(Crawled caption data)

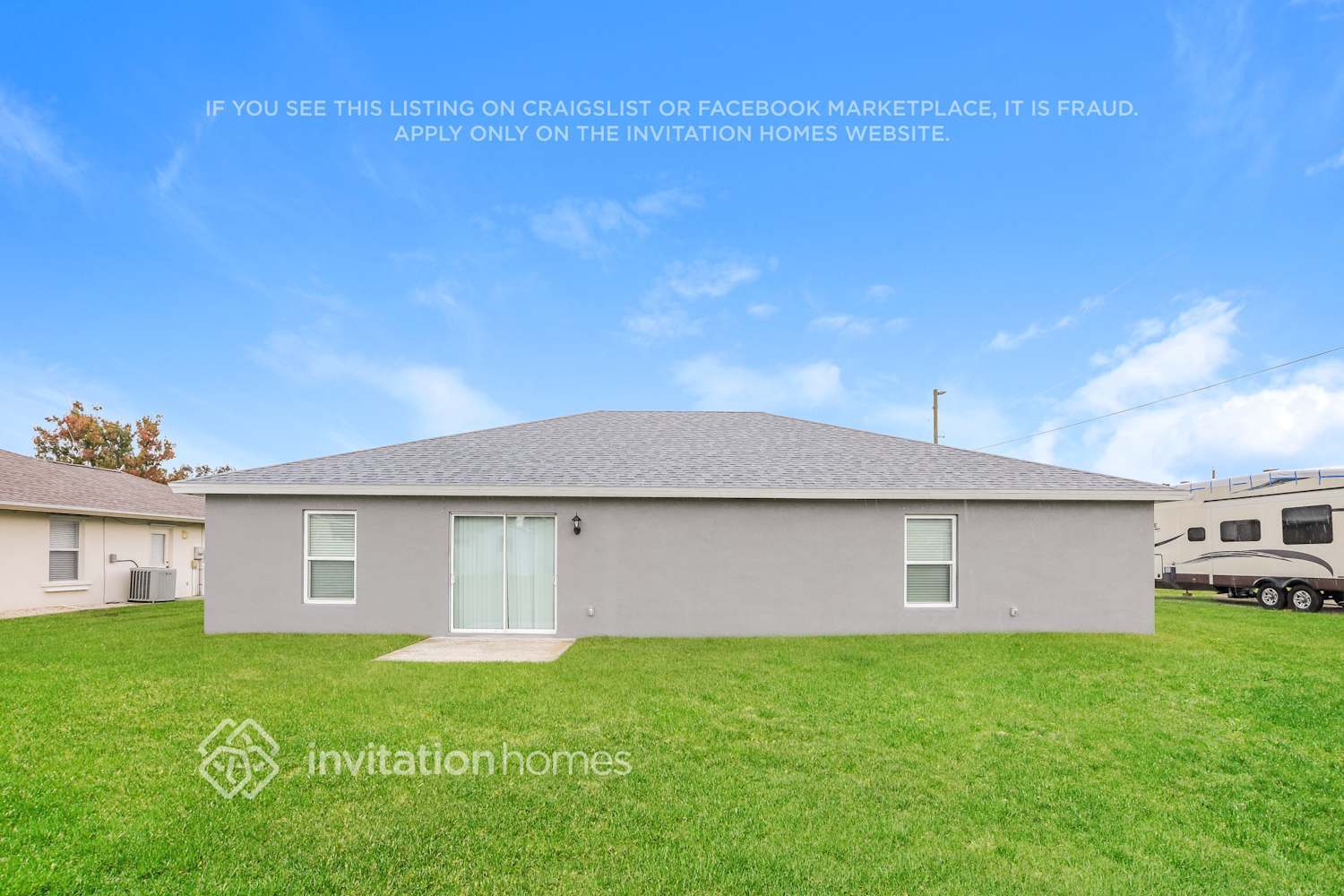 Building Photo - 23165 Lindale Ave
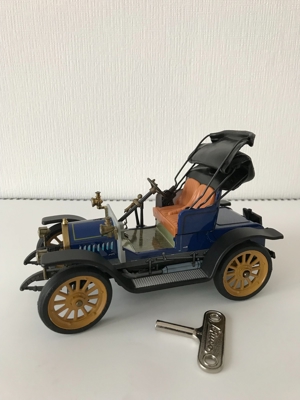 Schuco Modellauto Oldtimer Bild 1
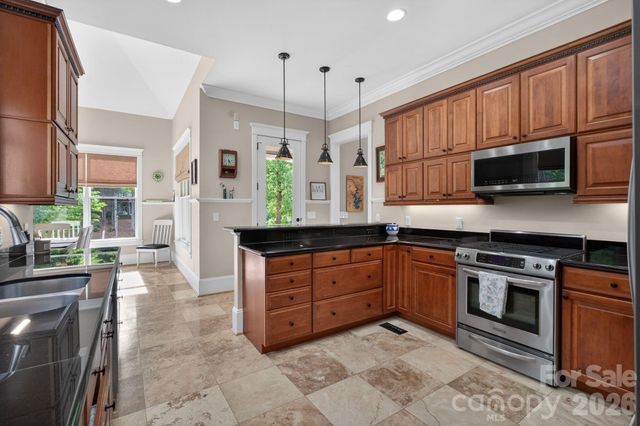 2243 Whiterock Court, Sherrills Ford, NC 28673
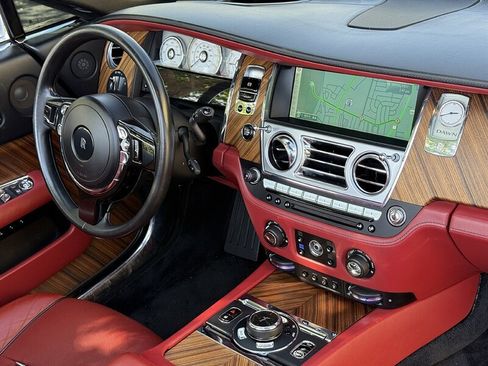 Used 2016 Rolls-Royce Dawn image 6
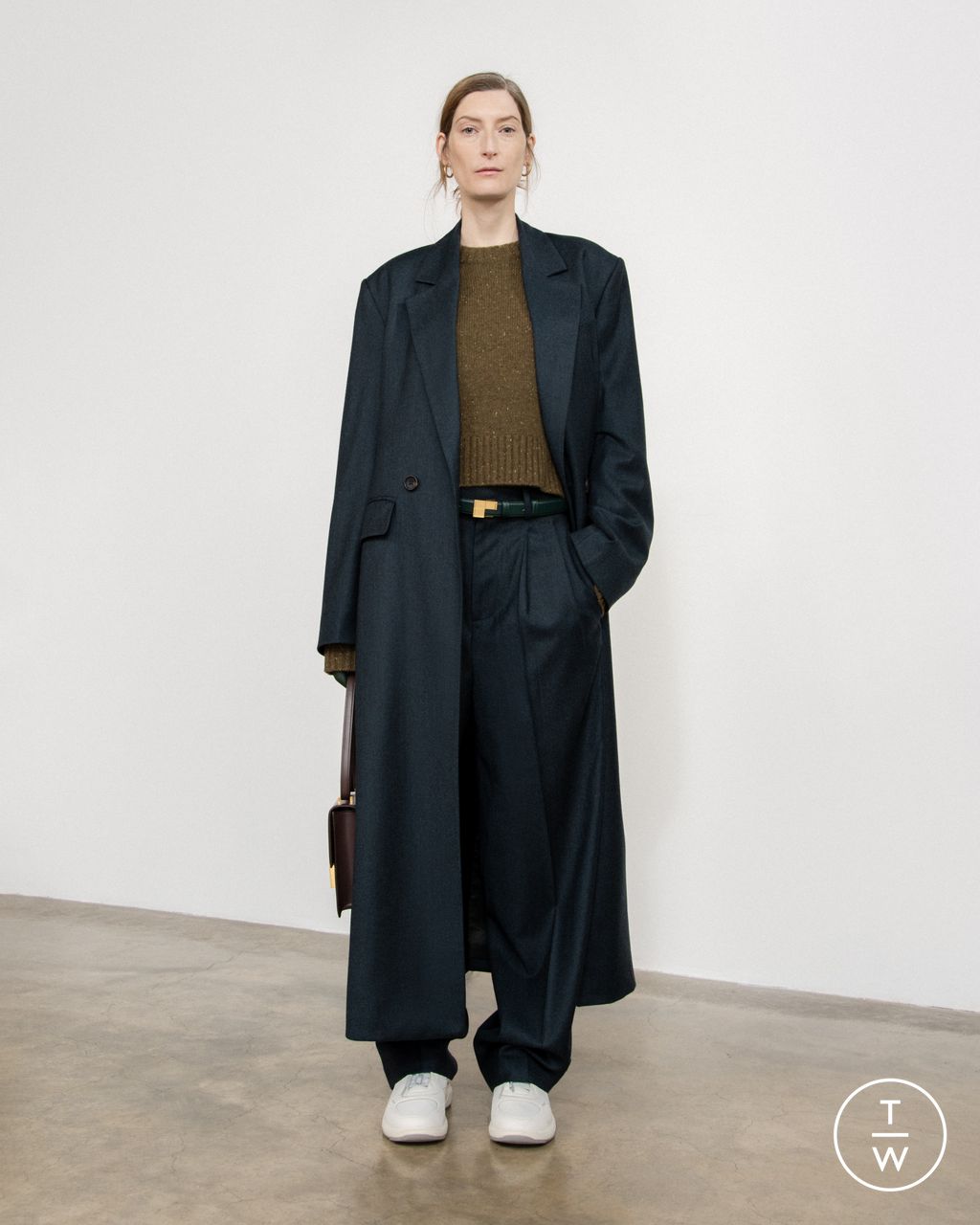 Fashion Week London Pre-Fall 2023 look 6 from the Eudon Choi collection womenswear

_Task to complete_: Transcribe each record exactly as it stands, setting aside any pictures.

_Exercise solution_:
 Building Photo - 23165 Lindale Ave
 Schuco Modellauto Oldtimer Bild 1
 2243 Whiterock Court, Sherrills Ford, NC 28673
 Used 2016 Rolls-Royce Dawn image 6
 Fashion Week London Pre-Fall 2023 look 6 from the Eudon Choi collection womenswear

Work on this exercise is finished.